On the official Hugh’s House GoFundMe campaign she writes:
We could have walked away and “moved on” with our lives but we can’t forget what we saw and felt.
In Temple Street hospital – the real family story
In hospital, we saw many families who for financial reasons, are not on the same journey.
I believe that everyone wants to do the best for their children but some need support.
Everyone involved in Hugh’s House is a volunteer, however they provide homecooked meals and other support to the families staying at the home.
Now Stack is speaking out to the Independent about GoFundMe’s cut:
“We don’t accept cash payments so we used GoFundMe. It’s very expensive with the percentage they take but it’s accountable and quick. They might get €2 of a €20 donation but people can donate on their couch, they don’t have to queue in banks.
“There’s no justifying their fees but we decided as an organisation to stay away from accepting cash payments.”
Ade said that the average donation the charity receives on the GoFundMe page is between €20 to €50 and that the site allows people to donate quickly to something they believe in and “they’ll know it’s going to the right place”.
“The fees are too high, it would be great to get them down but without the platform people might not donate. It makes fundraising more accessible to the ordinary person.”
Her campaign — one of the most successful campaigns in Ireland of all time — has raised €12,560 from 168 donors since July of 2015.
Just as in the U.S., GoFundMe takes 5% from every donation in Ireland; their international payment processor Stripe takes an additional 1.4% plus €0.25 per donation and VAT based on the campaign organizer’s location (23% in Ireland). Note: VAT is taken based off the fees, not the donation whole. Stripe’s cut can be as high as 2.9% if the donor’s credit card is not issued in the Euro Economic Area. Dang, you Europeans really have to make things complicated, don’t you?

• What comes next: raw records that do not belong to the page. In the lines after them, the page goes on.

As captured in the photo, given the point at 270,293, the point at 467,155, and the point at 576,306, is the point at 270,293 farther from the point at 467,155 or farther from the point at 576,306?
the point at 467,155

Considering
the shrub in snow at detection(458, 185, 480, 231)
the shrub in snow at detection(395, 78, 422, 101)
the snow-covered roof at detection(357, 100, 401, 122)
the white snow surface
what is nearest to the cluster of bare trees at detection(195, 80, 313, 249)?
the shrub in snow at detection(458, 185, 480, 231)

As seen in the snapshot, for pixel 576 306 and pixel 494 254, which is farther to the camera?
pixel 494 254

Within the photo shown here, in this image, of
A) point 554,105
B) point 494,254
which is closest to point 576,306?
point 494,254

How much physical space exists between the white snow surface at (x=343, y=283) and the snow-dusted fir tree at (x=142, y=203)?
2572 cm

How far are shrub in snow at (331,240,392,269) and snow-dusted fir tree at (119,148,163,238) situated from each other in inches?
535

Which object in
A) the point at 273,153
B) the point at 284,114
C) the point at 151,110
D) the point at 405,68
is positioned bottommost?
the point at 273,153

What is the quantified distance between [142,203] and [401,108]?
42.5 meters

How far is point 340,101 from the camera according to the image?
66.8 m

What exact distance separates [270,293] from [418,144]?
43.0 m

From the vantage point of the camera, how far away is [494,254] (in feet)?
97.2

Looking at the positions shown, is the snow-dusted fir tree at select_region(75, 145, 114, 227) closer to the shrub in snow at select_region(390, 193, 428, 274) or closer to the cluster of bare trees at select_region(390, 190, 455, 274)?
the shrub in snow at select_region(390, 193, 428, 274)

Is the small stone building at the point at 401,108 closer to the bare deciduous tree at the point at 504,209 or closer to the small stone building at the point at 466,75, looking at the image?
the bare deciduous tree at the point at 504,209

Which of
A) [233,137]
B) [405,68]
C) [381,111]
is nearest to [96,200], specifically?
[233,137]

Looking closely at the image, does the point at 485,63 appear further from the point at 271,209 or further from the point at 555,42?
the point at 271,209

Anyhoo, if we lazily do the math here, that means GoFundMe has taken a whopping €628 for itself from this campaign (about $703USD) Listen, I’m the first to trash them for a laundry list of valid reasons as well as a Post-it note worth of dubious ones, but that really doesn’t seem that bad.
Stripe gets about €175 in fees alone, plus approximately €33 in transaction fees. Doing this math has already given me a headache, so no way am I even taking a half-assed stab at figuring out VAT on top of this.

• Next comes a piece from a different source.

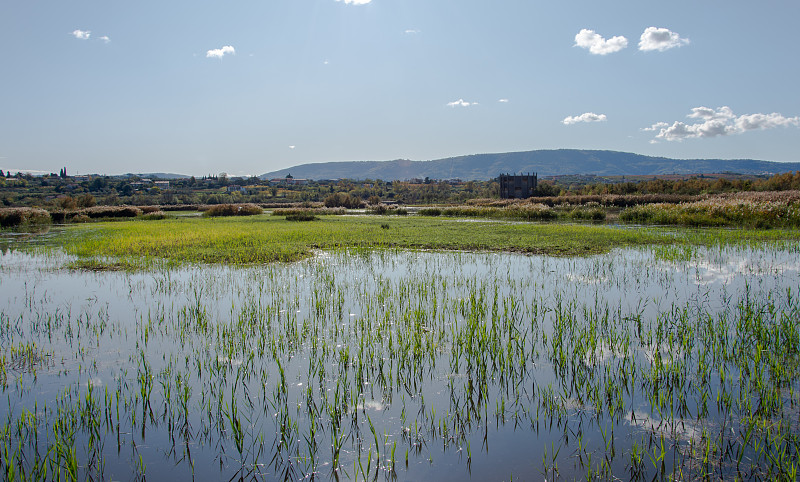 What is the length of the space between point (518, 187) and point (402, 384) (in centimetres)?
6838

So, GoFundMe and Stripe snatched about €836 out of €12,560. To be fair, they also set up the platform, did all the marketing to tell people what GoFundMe even is, handled the credit card payments, and distributed funds raised to the campaign organizer’s bank account.
I can’t believe I’m defending them but really, it isn’t that bad. But hey, good on Ms Stack for speaking out anyway. High five.
The Independent says €3.4 million has been raised in Ireland on GoFundMe, with the platform and Stripe taking €200,000 for themselves. Again, that isn’t terrible. Let’s not pretend like this is the worst thing GoFundMe could possibly do; I have that whole laundry list of things above to point you to should you care to find something more important to get angry about.